McCall's 6657 In Red

Hi

I've realized that it is getting cold outside and I've decided that a coat is in order.  This Summer, the idea of a coat was all I could really think about.  I kept putting it off and for good reason, I had never made one.  Of course you have blazers and light jackets, but when it came down to it, if you haven't gone to the attack of an actual "Coat", you haven't really delved into "fabric".

A few weeks ago, I made the jump, but before I even dared to tackle the fabric, I took a look at different online courses that would help guide me in the right direction.  Because I subscribe to Patternreview and Burdastlye I felt those two should be the starting point for more information.  Here's the kicker,,,just as I was finishing my coat Burdastyle came up with a cute quiz that helps you decide which courses to take according to the direction that you want your sewing skills to go.  That little nudge of direction would have been very helpful to me last month.  However, I began my project with a look at a blog I found last year, Ten Thousand Hours of Sewing.

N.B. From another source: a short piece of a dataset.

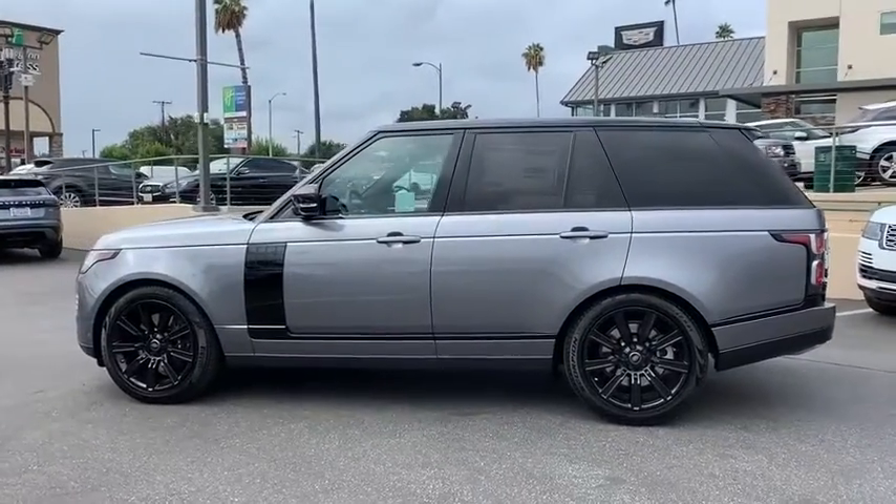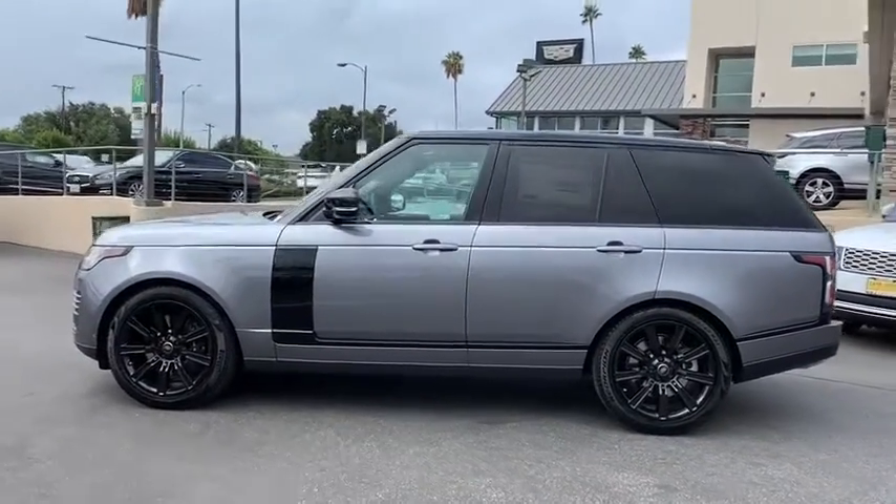Take this vehicle for a spin and see why so many shoppers are now proud owners.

Last year this young lady (Known to me as) Victoria, went through a personal experience with James McFarland and his dynamic tailoring techniques.  Her blog made me feel as if I were taking the courses with her, only I wasn't actually present to get the real deal.  Boy was I green, but now I have the opportunity to have a similar experience with Gentleman Jim because he is now teaching Master Fit: Advanced Tailoring on Burdastyle.

Needless to say that with this project I didn't have his help, but I will definately be having him next to me on some of my future projects.  So, here is my very first COAT!!!!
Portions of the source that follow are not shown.